The Doyletech study, which was based on data collected from interviews with 150 companies across Northern Ontario, found market diversification to be the favoured strategy for growth.
Canadian and Northern Ontario markets will still be important, but the most important potential export market is South America, according to mining suppliers. Among the most promising jurisdictions mentioned by respondents were Chile, Peru, Brazil, Mexico and Central America.
“The bottom line is that exporting outside Northern Ontario is going to be an accelerating priority for the sector in the years to come,” concluded the report.
But it won’t be a cakewalk. The barriers to continued export growth include insufficient market intelligence and promotion, lack of scale, language and restrictive trade practices. Significantly, however, only four per cent of respondents felt they were not competitive on quality and only eight per cent felt that their products and services did not lend themselves to exporting.
Rick Clayton, the principal author of the study, said he was impressed by the “strong sense of entrepreneurship” that was evident during the interviews he conducted. “The firms and their owners were intensely proud of what they have achieved.”
Clayton, an economist specializing in international development, said he was impressed with the sector’s exporting capability, but added “it’s not happening as much as it could.
“I heard some interesting anecdotes from some of the suppliers who had tried exporting and discovered it was very, very complicated, especially in emerging and developing markets where the way of doing business is totally different from what we’re used to.”
The study makes a number of key recommendations:
- An e-quartermaster capability – essentially a massive, virtual inventory of products and services
- A Northern Ontario Best Practices Standard – a certification initiative attesting to a company’s quality standards
- The establishment of consortia to provide total solutions for global mining operations, and
- A foreign market entry plan.
Of the four recommendations, the one with the greatest immediate potential, according to both DeStefano and Boudreau, is the establishment of consortia.
“The objective,” said the study’s authors, “would be to overcome the barrier of scale and to mobilize fast responses to global opportunities.
“The benefit,” it went on to say, “would include a unique selling proposition, superior products and services and increased internal value add…”
“The consortium approach makes a lot of sense,” said Boudreau. “We’re actually doing that now with our NRG1-ECO project at (Vale’s) Coleman Mine and (Xstrata Nickel’s) Fraser Mine.

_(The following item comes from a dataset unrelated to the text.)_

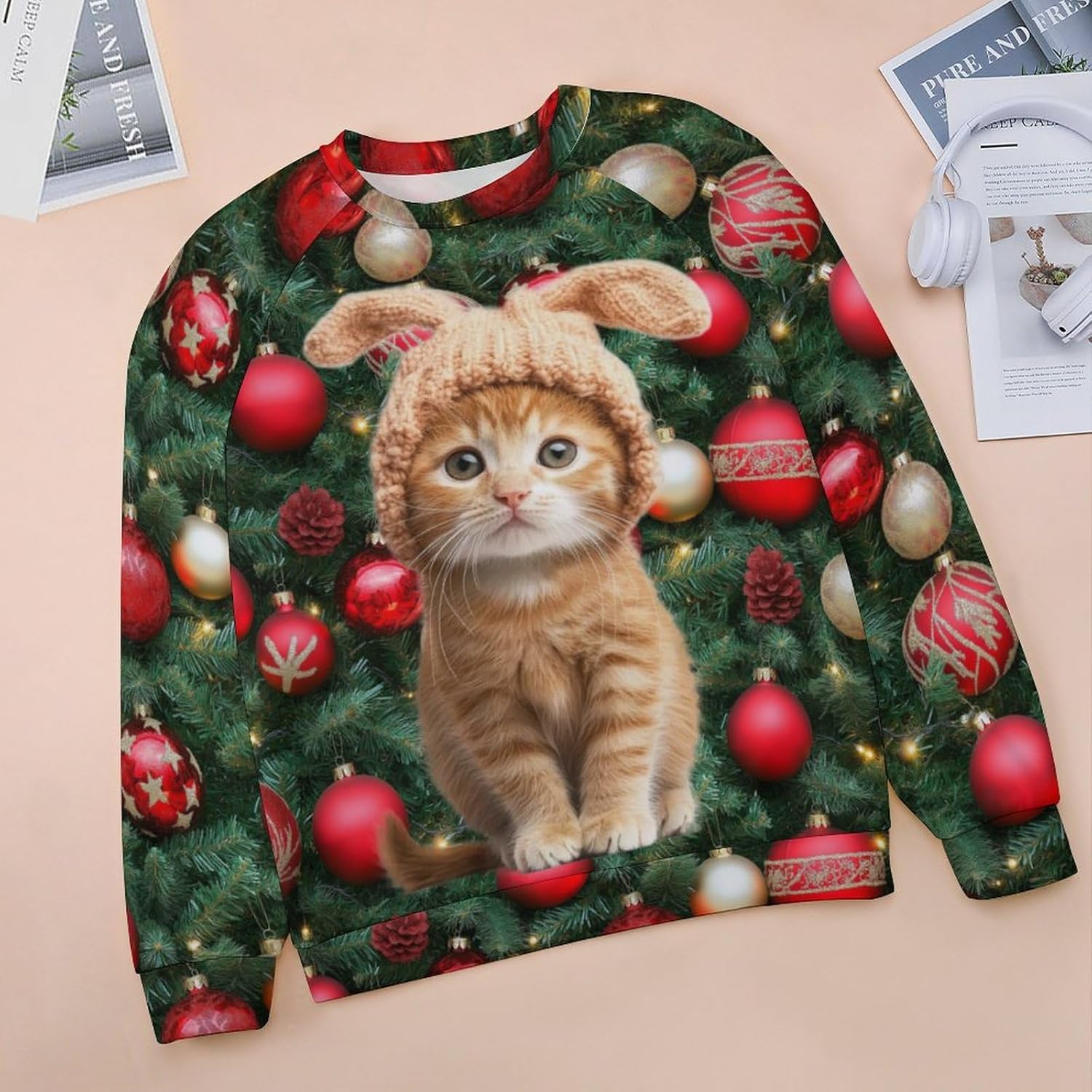MARSVOVO Ugly Christmas Sweatshirts for Women Cute 3D Cat Print Long Sleeve Shirt Funny Christmas Tops For Women - Image 3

We have about 10 companies participating. It’s a model that works really well and one we need to think more about and develop so it’s a win-win for everyone.”
The approach is not without its challenges, he added. “You have to give a little to get something back and not everyone is willing to give a little, but it makes it a lot easier to access the global marketplace if we show up as a consortium rather than as a company with a handful of employees lacking in global exposure.”
SAMSSA has been facilitating discussions about the consortium approach among its members for several months and sees merit in the idea as a means of delivering complete solutions, rather than fragmented pieces of solutions, said DeStefano.
The study found the mining supply and service sector to be both resilient and optimistic. While almost half of all companies participating in the study had to reduce their workforce as a result of the 2008-2009 recession and the subsequent one-year strike at Vale’s nickel operations in the Sudbury Basin, 83 per cent predict significant revenue increases over the next three years.
Almost half (49 per cent) believe their revenues will grow by up to 25 per cent, 16 per cent see revenues increasing by up to 50 per cent and 18 per cent believe their revenues will increase by greater than 50 per cent over the next three years.
DeStefano is also optimistic now that there is confirmation of the sector’s contribution to the economy.
“It’s now up to us, together with the support of the three levels of government, to develop the programs and strategies that will bring our collective expertise to the global stage.”